Des personnes lourdement handicapées ont été victimes de négligence et de mauvais traitements au centre hospitalier de soins de longue durée (CHSLD) Centre-ville de Montréal l'automne dernier, a appris La Presse. La situation était à ce point grave que l'institution a congédié un préposé aux bénéficiaires, un geste rare. Et au moins une infirmière auxiliaire a été suspendue.

Selon le comité des résidants du CHSLD et le centre de santé et des services sociaux (CSSS) Jeanne-Mance, qui chapeaute l'établissement, la situation est revenue à la normale à l'unité 8. Les sanctions sont tombées rapidement, assurent-ils.

En novembre dernier, des résidants de l'unité 8 se sont plaints du comportement d'un préposé aux bénéficiaires. Le président du comité des résidants, Jean Noiseux, a alerté la direction de l'établissement le 20 novembre dans un courriel, que La Presse a obtenu. «Que se passe-t-il exactement à l'unité 8? Selon nos informations, il y aurait plusieurs cas de maltraitance de résidants, au nombre de trois ou quatre, spécifiquement auprès de ceux qui ont de la difficulté à s'exprimer. Il s'agit de cas de brutalité intentionnelle à répétition en cours de manoeuvres, ce qui nous apparaît assez grave», écrit-il.

Joint par La Presse, M. Noiseux s'est montré prudent. Il a affirmé que le préposé ne donnait pas les soins auxquels les résidants ont droit. «Des gens étaient laissés dans leurs selles trop longtemps», a-t-il donné pour seul exemple. Questionné afin de savoir pourquoi il avait utilisé l'expression «brutalité intentionnelle», il s'est contenté de répondre que «dans un cas, il est arrivé quelque chose, et c'est pour ça que l'employé a été congédié».

D'autres sources ont affirmé à La Presse que le préposé faisait des «gestes brusques» et que ses paroles l'étaient tout autant. Il «manquait d'empathie». Il ne répondait pas aux résidants qui actionnaient leur cloche d'appel. Il parlait au téléphone cellulaire en donnant les soins.

Selon Martine Dubois, porte-parole du CSSS Jeanne-Mance, «il y avait des écarts en lien avec des procédures et le respect du plan de travail». «Ces écarts étaient inadmissibles», s'est-elle limitée à dire.

La commissaire aux plaintes et la direction des ressources humaines ont lancé des enquêtes. L'employé a été congédié en décembre.

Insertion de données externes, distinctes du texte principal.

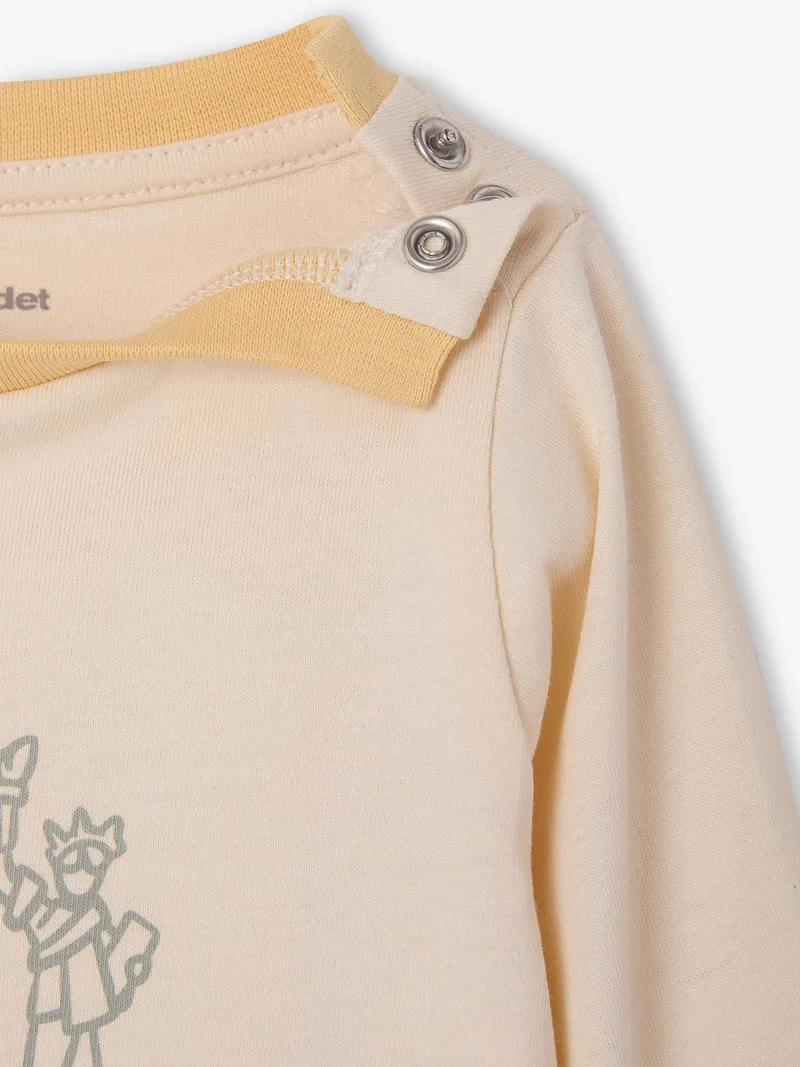 Vertbaudet Shirt mit Druckknöpfen an der Schulter Baby vanille, Vanille, – Produktbild 4 von 4
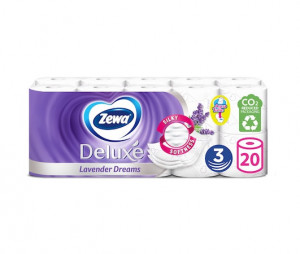 Hartie igienica Zewa Deluxe Lavender Dreams, 3 straturi, 20 role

C'est une mesure «rare», a reconnu Mme Dubois.

La direction avait également des reproches à faire à une infirmière auxiliaire qui travaillait dans la même unité. Elle a été suspendue pendant 10 jours.

«Pour nous, c'est vraiment tolérance zéro par rapport aux écarts. C'est un message qui est non seulement passé, mais qui est appliqué», a affirmé Martine Dubois. Elle a indiqué que «la très grande majorité du personnel est très dévouée». «Quand il y a des cas d'exception, des écarts qui sont constatés, la direction s'en occupe rapidement», a-t-elle ajouté.

Jean Noiseux s'est dit satisfait de la réaction de la direction. «Le mot d'ordre, c'est d'être extrêmement vigilant», a-t-il souligné.

Indemnités versées pour d'autres cas de maltraitance

La réaction rapide du CHSLD tranche avec le laxisme qui a déjà régné au sein de cet établissement dans les années 90 et au début des années 2000. Des centaines de victimes de maltraitance de cette époque recevront d'ailleurs des indemnités totalisant 7 millions de dollars en vertu d'un règlement à l'amiable annoncé vendredi.

Ce jour-là, le CHSLD a tenu une conférence de presse et convié les journalistes à une visite pour démontrer que cet épisode appartient au passé. La directrice de l'établissement, Hélène Larochelle, a assuré que tout est fait pour garantir des services de qualité aux résidants. «Je ne vous dis pas qu'il ne se passe jamais rien, a-t-elle dit. Mais ce qu'il faut retenir, c'est qu'il y a des mesures qui ont été mises en place pour assurer une qualité de vie.»